Salt marsh at Menuncatuck

I am a historian at Williams College, located in the homelands of the Stockbridge-Munsee Mohican Community.

My scholarship, teaching, and public humanities work is grounded in the Native Northeast, and shaped by communities’ continuous commitments to care for cultural heritage, knowledge, and lands and waters. My work also reckons with the impacts of colonization, and the strategies Indigenous people and sovereign nations have long used to resist erasure and dispossession.

My writing has appeared in Native American and Indigenous Studies, The Journal of American History, The William and Mary Quarterly, New England Quarterly, Los Angeles Review of Books, and other publications. I regularly collaborate with libraries, archives, museums, historical societies, and other cultural sites across the Northeast/New England.

My book Memory Lands was published by Yale University Press in the Henry Roe Cloud Series on American Indians and Modernity (Jan. 2018). It has been awarded the Berkshire Conference of Women Historians book award, the Peter J. Gomes Memorial book prize from the Massachusetts Historical Society, the Lois P. Rudnick book prize from the New England American Studies Association, and Honorable Mention for the National Council on Public History book award.

Author events and book talks, some with video, are accessible on this page.

I am completing a second book, titled The Itineraries: Families and Freedom Journeys in the Revolutionary Northeast, under contract with Yale University Press (publication anticipated in 2026).

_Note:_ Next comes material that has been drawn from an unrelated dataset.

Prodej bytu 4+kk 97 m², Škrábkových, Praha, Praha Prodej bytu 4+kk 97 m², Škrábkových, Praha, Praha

The Itineraries illuminates the intertwined lives of Indigenous, African-American, and Euro-colonial people in the eighteenth-century Northeast, including tumultuous years of the American Revolution.   Offering a dynamic, nuanced retelling of this seemingly familiar era, it follows the stories of individuals, families, communities, and sovereign nations who pursued distinctive understandings of liberation, independence, and thriving futures. 

Freedom-seekers like the African-American family of Newport, Violet, and their son Jacob Freeman, and the Native American (Nehantic) family of Ruth and her son Aaron Waukeet, sought to maintain family integrity, stability in cherished places, spiritual and cultural self-determination, and other priorities.  Simultaneously they reckoned with rapid, stressful shifts, not least of the searing violences and displacements of the American Revolutionary War, and emergence of the United States of America.  These families also entered relations with and contended with Ezra Stiles, the prominent colonial minister and later President of Yale College, whose own family enslaved, indentured, and dispossessed over many decades, while also opening windows to certain opportunities and interdependent ties spanning generations. 

As an interdisciplinary social and cultural history, The Itineraries recovers previously hidden or under-recognized routes of mobility, resistance, and strategic adaptation from Narragansett Bay to the Piscataqua River, to the streetscapes of New Haven and Newport.   This is not a story narrowly told about the eighteenth century, either.  The Itineraries spotlights the enduring impacts of these interactions in the twenty-first century.  As community members have long attested, these pasts continue to reverberate and shape everyday lives, politics, material conditions, and public histories.